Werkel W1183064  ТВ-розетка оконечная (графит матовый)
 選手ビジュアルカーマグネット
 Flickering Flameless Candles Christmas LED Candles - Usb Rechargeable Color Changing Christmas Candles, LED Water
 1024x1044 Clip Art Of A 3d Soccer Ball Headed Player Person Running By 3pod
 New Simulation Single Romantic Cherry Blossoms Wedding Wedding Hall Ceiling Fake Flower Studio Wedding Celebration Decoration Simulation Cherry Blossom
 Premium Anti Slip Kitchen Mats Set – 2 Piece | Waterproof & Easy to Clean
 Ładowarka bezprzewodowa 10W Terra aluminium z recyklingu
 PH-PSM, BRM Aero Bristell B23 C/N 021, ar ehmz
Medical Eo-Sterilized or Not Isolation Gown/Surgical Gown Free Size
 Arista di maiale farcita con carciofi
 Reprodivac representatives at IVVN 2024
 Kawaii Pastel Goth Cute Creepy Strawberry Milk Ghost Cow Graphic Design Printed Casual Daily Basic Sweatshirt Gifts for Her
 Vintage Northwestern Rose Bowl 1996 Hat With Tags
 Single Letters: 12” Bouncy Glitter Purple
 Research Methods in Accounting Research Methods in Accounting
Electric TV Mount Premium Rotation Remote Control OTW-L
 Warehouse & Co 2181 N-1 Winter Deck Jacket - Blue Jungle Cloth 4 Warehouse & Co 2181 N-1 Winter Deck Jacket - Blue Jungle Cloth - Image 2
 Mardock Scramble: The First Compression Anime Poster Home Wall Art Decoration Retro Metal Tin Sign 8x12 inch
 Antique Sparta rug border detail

○ ○ ○ ○ ○ ○ ○

Could you copy out all of the records above exactly?

Written response:
Werkel W1183064  ТВ-розетка оконечная (графит матовый)
 選手ビジュアルカーマグネット
 Flickering Flameless Candles Christmas LED Candles - Usb Rechargeable Color Changing Christmas Candles, LED Water
 1024x1044 Clip Art Of A 3d Soccer Ball Headed Player Person Running By 3pod
 New Simulation Single Romantic Cherry Blossoms Wedding Wedding Hall Ceiling Fake Flower Studio Wedding Celebration Decoration Simulation Cherry Blossom
 Premium Anti Slip Kitchen Mats Set – 2 Piece | Waterproof & Easy to Clean
 Ładowarka bezprzewodowa 10W Terra aluminium z recyklingu
 PH-PSM, BRM Aero Bristell B23 C/N 021, ar ehmz
Medical Eo-Sterilized or Not Isolation Gown/Surgical Gown Free Size
 Arista di maiale farcita con carciofi
 Reprodivac representatives at IVVN 2024
 Kawaii Pastel Goth Cute Creepy Strawberry Milk Ghost Cow Graphic Design Printed Casual Daily Basic Sweatshirt Gifts for Her
 Vintage Northwestern Rose Bowl 1996 Hat With Tags
 Single Letters: 12” Bouncy Glitter Purple
 Research Methods in Accounting Research Methods in Accounting
Electric TV Mount Premium Rotation Remote Control OTW-L
 Warehouse & Co 2181 N-1 Winter Deck Jacket - Blue Jungle Cloth 4 Warehouse & Co 2181 N-1 Winter Deck Jacket - Blue Jungle Cloth - Image 2
 Mardock Scramble: The First Compression Anime Poster Home Wall Art Decoration Retro Metal Tin Sign 8x12 inch
 Antique Sparta rug border detail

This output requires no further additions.